_DATA EXTRACT:_
◇ ◇ ◇ ◇
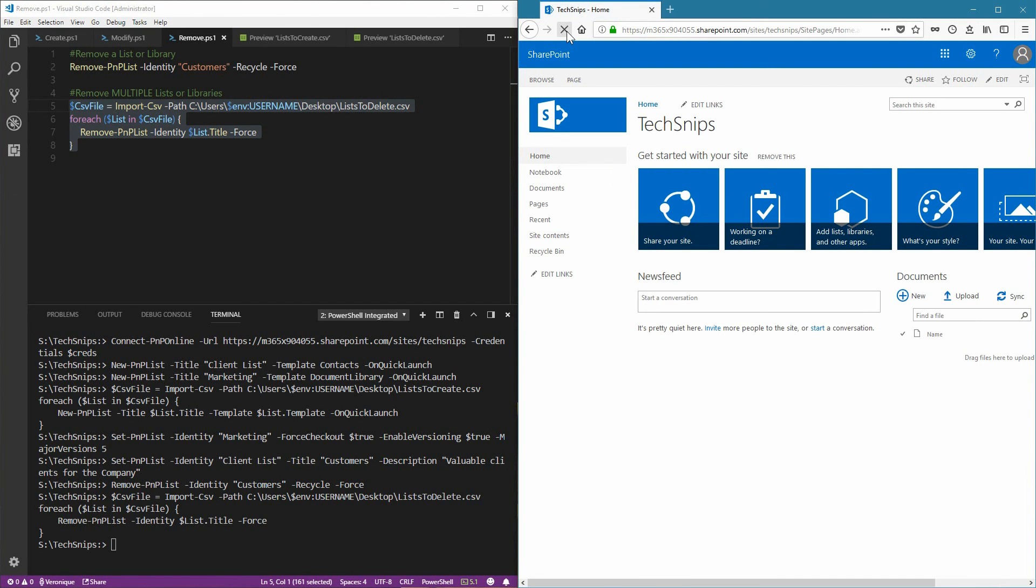And sure enough, they are now being removed. And that's how you create, modify, and remove lists and libraries in SharePoint Online using PowerShell PNP. Thank you for watching.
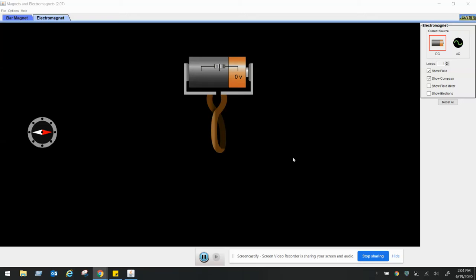Welcome back to our second experiment. This time we are going to change the voltage and see the effect on the electromagnetic strength.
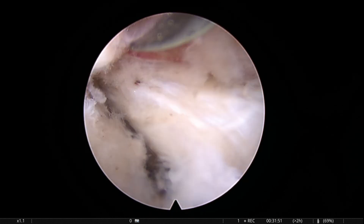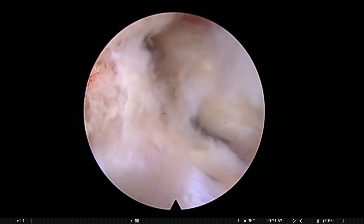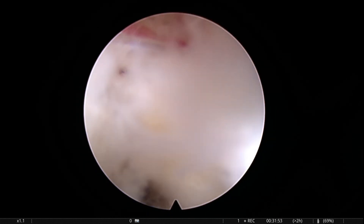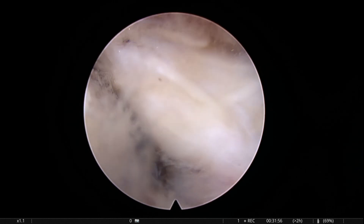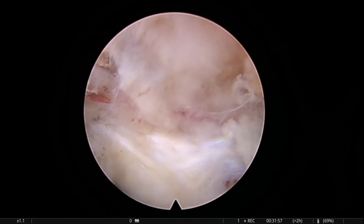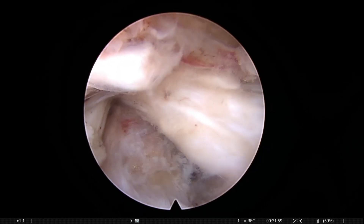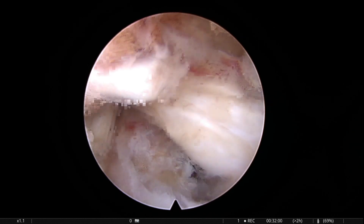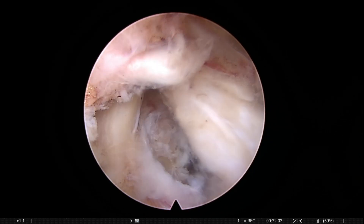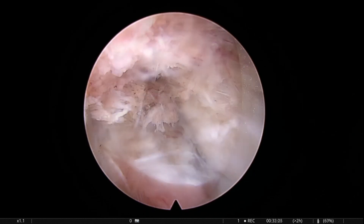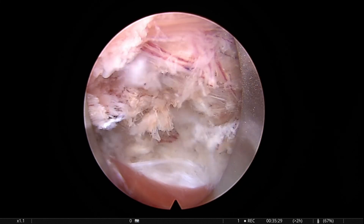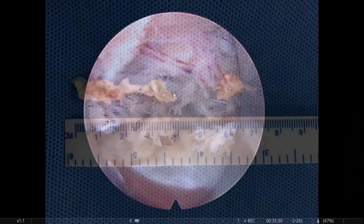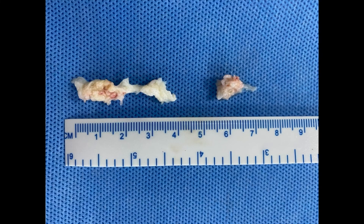Always remember you should not use excessive RF and be careful with the exiting root. Once this is confirmed, hemostasis is attained, cannula is removed, and you can see the removed fragment.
◇ ◇ ◇ ◇
_WHAT TO PRODUCE:_ Repeat only the lines from the beginning of the material through the line containing "Welcome back to", both ends kept, leaving pictures out.

_EXERCISE SOLUTION:_
And sure enough, they are now being removed. And that's how you create, modify, and remove lists and libraries in SharePoint Online using PowerShell PNP. Thank you for watching.
Welcome back to our second experiment. This time we are going to change the voltage and see the effect on the electromagnetic strength.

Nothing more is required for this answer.